Anche il modo di "porgere" dev'essere efficace, anzi "affascinare". Il giornalismo è insomma un'autentica missione che nasce dalle battaglie continue degli operatori dell'informazione per raccontare con coscienza e discernimento "non inquinando la verità". Infatti, ha chiesto Camisasca, "E' un uomo vero chi calpesta la verità?". Il vescovo ha concluso lamentando le troppe cattive notizie che girano nei Tg e che "alzano il tasso di depressione tra la gente" inducendo a pensare che la nostra società non potrà farcela. Intorno, invece, abbiamo mille quotidiani esempi di cose che funzionano, di persone impegnate, di problemi risolti, di vita autentica e positiva.

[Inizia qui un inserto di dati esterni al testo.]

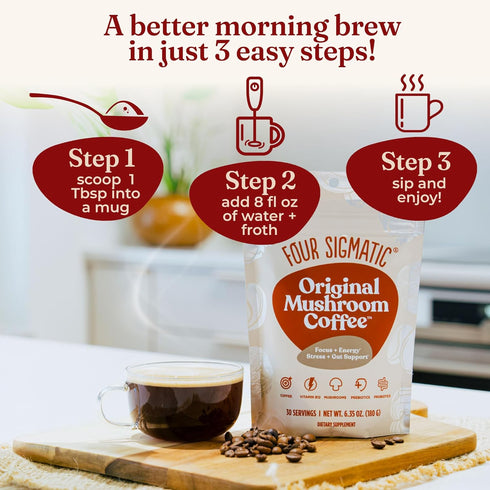 Immune 30 Four Sigmatic Original Mushroom Coffee | High Dose Lion's Mane, Chaga, Turkey Tail, Cordyceps and Reishi |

Molto applaudito anche l'intervento di Paolo Ruffini (direttore di TV2000) che ha subito affermato "Quando cambia la comunicazione, cambia la società". Il web e i social hanno infatti determinato questa rivoluzione che però va governata senza rifugiarsi nell'arroccamento quale risposta al cattivo giornalismo in parte prodotto "dai nuovi padroni che governano gli algoritmi". La risposta passa attraverso la comprensione delle differenze, lo sviluppo della parresia e cioè della franchezza, la giusta selezione delle notizie vere, combattendo, come ha anche sottolineato lo stesso papa Francesco, l'eccesso di slogan e nella consapevolezza che la realtà è complessa. Dunque al giornalista si chiede, ad esempio, di non semplificare né di decontestualizzare, di non confondere se stessi con il protagonista del fatto e di considerare certamente importante l'audience che però non deve escludere la qualità.

Don Ivan Maffeis, direttore Ufficio nazionale delle Comunicazioni Sociali della Cei, ha ripetutamente citato il messaggio del papa in occasione della 52° Giornata delle comunicazioni sociali, soprattutto in riferimento al web che ha "rovesciato le gerarchie tradizionali dell'informazione", puntando su una forte personalizzazione. "Più che notizie si condividono biografie personali". C'è poi il rischio dell'autoreferenzialità, tanto più che si interagisce in ambienti omogenei e così "si finisce per rafforzare le nostre chiusure" proprio perché manca o scarseggia il confronto delle idee. I social, intanto, non sono la causa delle fake news (che peraltro ci sono sempre state) ma certamente le propagano di più e meglio tanto che oggi possono raggiungere un numero enorme di persone portando discredito e divisione secondo la "logica del serpente" davanti alla quale il papa ci mette fortemente in guardia.